The differences between woven, knit, and non-woven fabr […]
The differences between woven, knit, and non-woven fabrics come down first to manufacturing process, and then to the qualities of the final product.
The primary non-woven fabric would be felt. Felting is the oldest known means of making cloth and exists in most cultures. Not all fibers are suitable for making felt because felting requires that the fibers will clump and adhere to each other to form a mat. Felt is traditionally made by taking animal fleeces, fur, or hair fibers and compacting and matting them (usually while wet, because moisture aids the felting process) until the individual fibers mat together into a single piece. The resulting fabric has no grain or visibly separate threads or fibers, doesn’t unravel, is not stretchy when dry, and is comparatively thick and heavy. Felt can be used for making tents and blankets as well as clothing and hats. (Unlike typical woven or knit fabrics, felt can be stretched molded into a shape while wet that it will retain when dry, making it particularly suitable for blocking into hats.)

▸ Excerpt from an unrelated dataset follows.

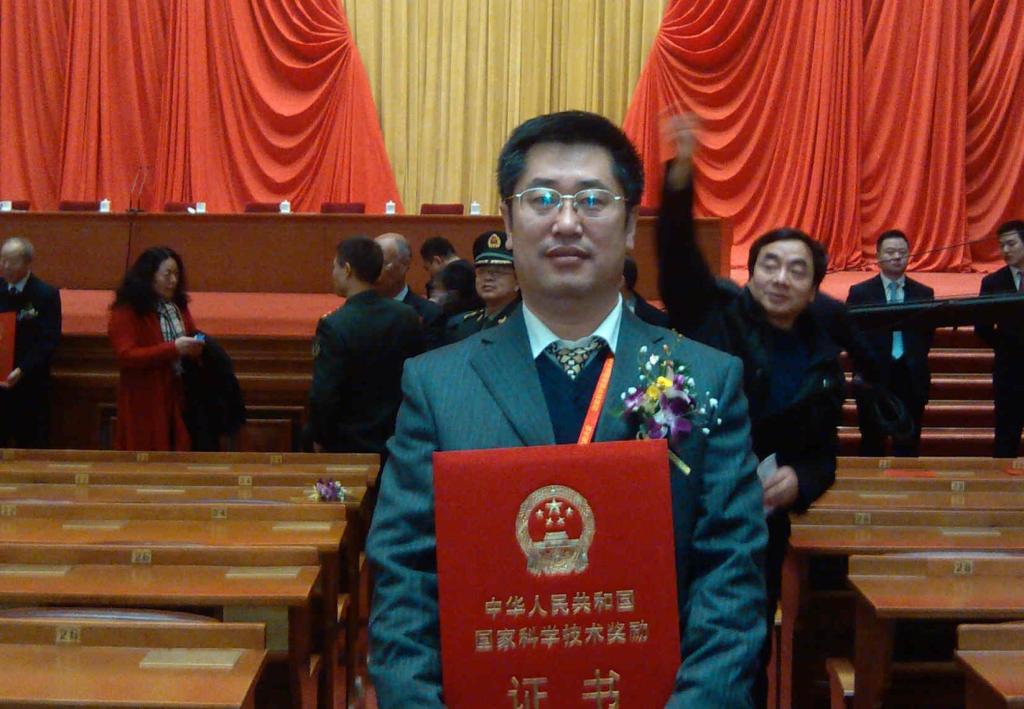 实验室刘日平教授科研成果荣获2012年度国家技术发明奖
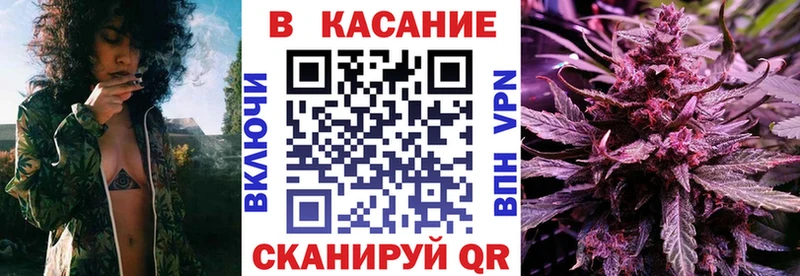 Купить наркотик аптеки Юрга Конопля A PVP Меф мяу мяу Cocaine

Woven fabric is, as the name implies, made by weaving. To weave fabric, warp threads are fixed in a parallel pattern in a loom, and then a weft thread is passed back and forth, perpendicular to the warp and passing over and under alternating warp threads with each pass through the warp. The resulting fabric can be very fine or quite heavy, with an open or tight weave, all depending on what thread was used and how tightly the threads were packed in the weaving process. Woven fabric can fray and unravel from cut edges if they are not sewn down, or pinked, or otherwise fray-checked. Woven fabric doesn’t usually have much stretch to it “with the grain,” i.e. in the direction that the warp or weft threads run, but will have some stretchiness “on the bias,” i.e. along a line that runs at a 45 degree angle from the warp or weft. Fabric can be woven from pretty much any fiber that can be spun into thread and has enough tensile strength to avoid breaking when tightly warped into a loom.
Knit fabric is made by knitting, which is a process of creating loops along a single continuous thread or yarn, and then creating and pulling another tier of loops through the row or circle of previous loops until the desired size and length of fabric is achieved. Knitting can be done by hand, with knitting needles, where the loops are formed on the needles and new loops are formed and sequentially pulled through at the point where the needles meet. Knitting can also be done by hand using a knitting loom, where the first set of loops are formed around the pins of the loom, and subsequent ones are pulled through them using a crochet hook. Knitting can also be done by machine, which works much like a knitting loom, except that there will be dozens of hooks that pull through dozens of loops simultaneously, so that the fabric is formed much faster. Knitting produces by far the stretchiest fabric, and is most commonly made out of thread or yarn that has a certain amount of stretch to it also.